Dogs were the most favourable gift recipient, with 82% of dogs receiving a present with an average spend of £29.

Reptiles were least likely to receive a gift, with only 12% receiving gifts at an average value of £5.

Millennials (25-34) were most likely to spend the most amount of money on their pets, spending an average of £38.11 on pet gifts this Christmas. 

Pet owners over 65 years old said they would spend an average of £11 on their pets. 

As well as pet gifts, 56% of pets will reportedly be given a “special Christmas dinner” by their owners this year, whilst 21% of pet owners said they would allow their pet to eat Christmas dinner with them at the table. 

Rhiann Hobbs, from animal health company, said: “Understandably, pet owners will want to treat their animals over the festive period. 

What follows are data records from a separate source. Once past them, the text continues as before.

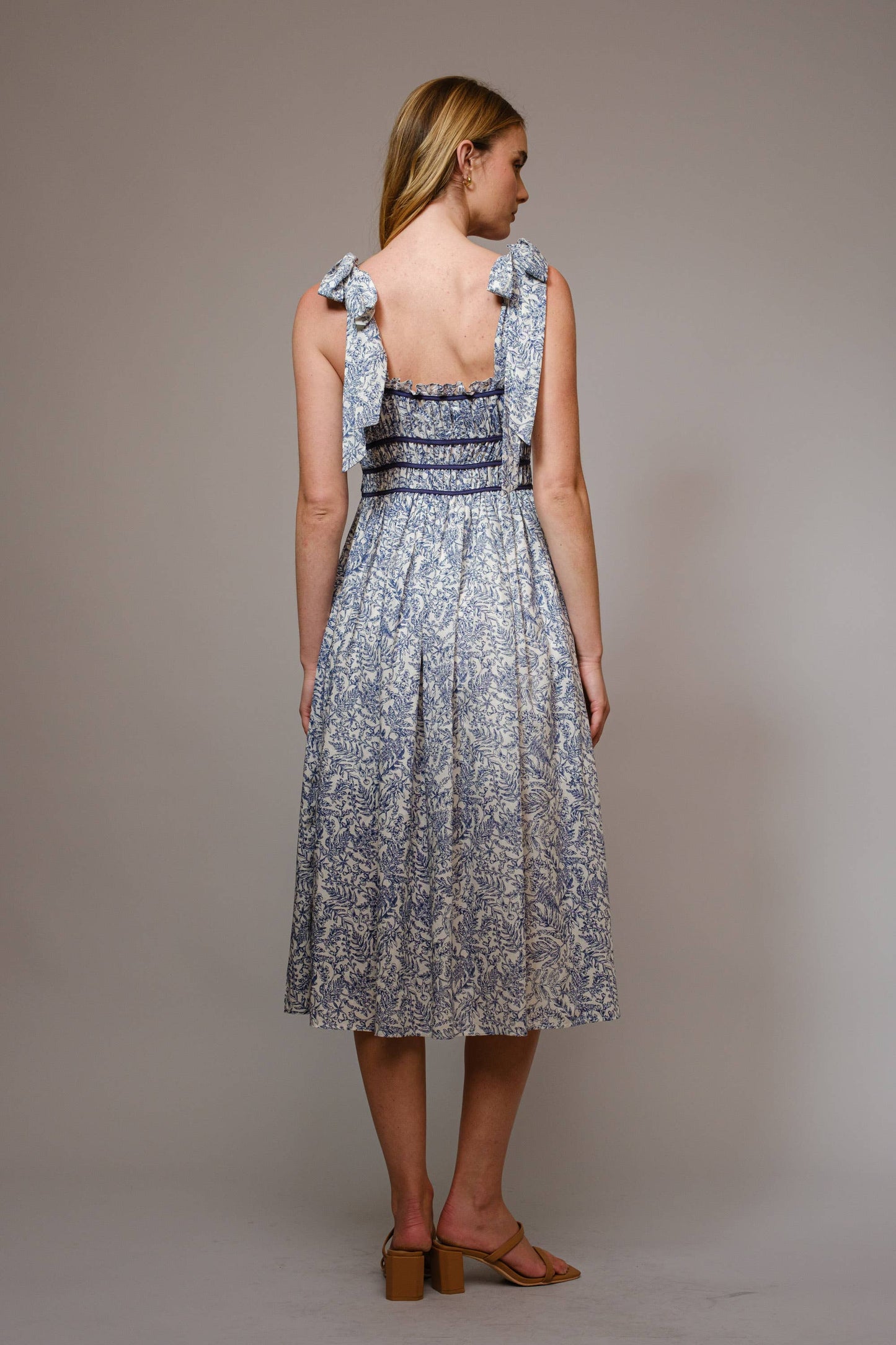 99395D - Tie Shoulder Ruched Midi Dress: NAVY / Blue B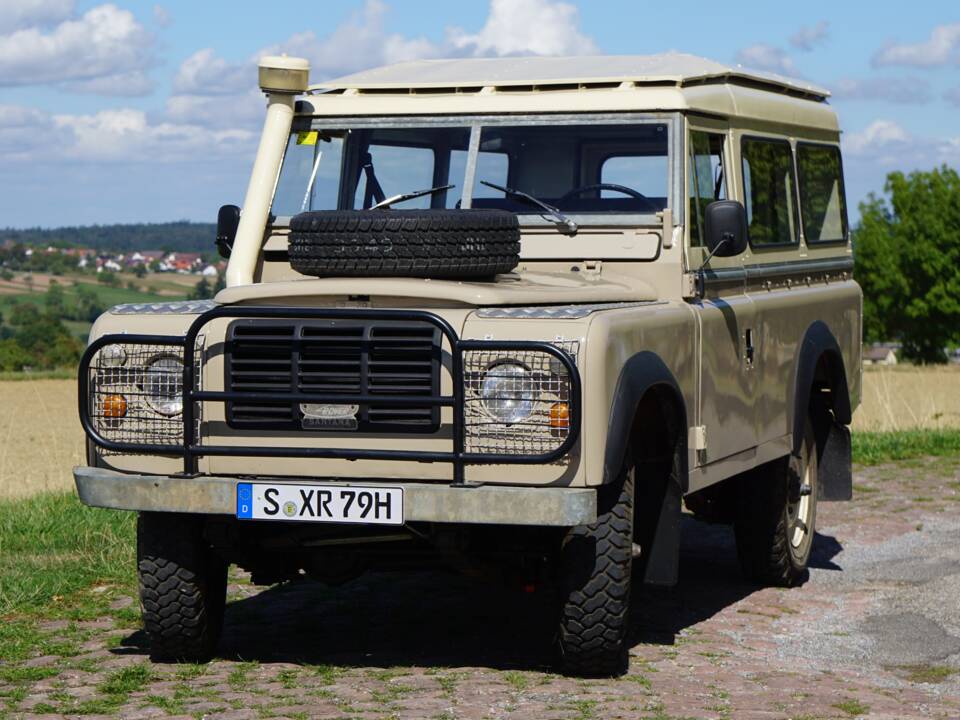 Imagen 3/43 de Land Rover 109 (1979)
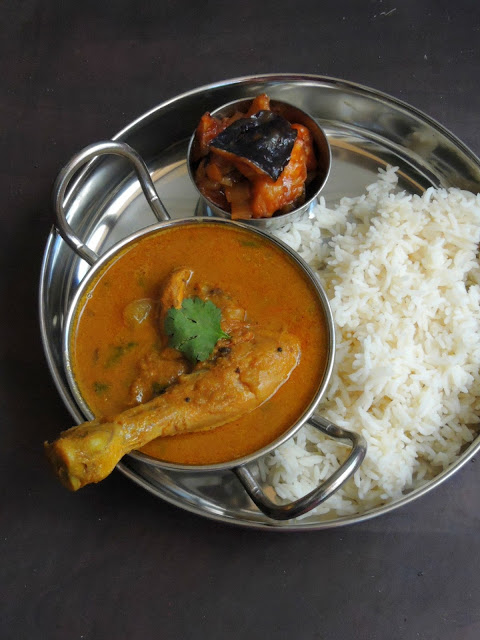 Arachi vitta Kozhi Kuzhambu, Chicken Gravy with Grounded Masala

“However, it’s important to remember that their welfare is the number one priority.”

 She added: “Just like us humans, dogs can only handle indulgent, fatty foods in moderation. So, if you’re considering letting your pet share your Christmas dinner, stick to lean, boneless meats and avoid giving them any sweets and glazed vegetables. 

“That way, you can give your dog a well-deserved treat without putting their health and well-being at risk.”

Jacqui Whitewick, from Cox and Cox, said: “Our pets are part of our family, so of course we want them to enjoy Christmas Day with us. As long as we’re responsible with their Christmas meals and only buy them pet friendly presents, Christmas is as good a time as any to indulge your pet.”

She added: “Why not get them something they can enjoy all year round though, like a comfortable new bed to curl up in, or a new collar and lead?”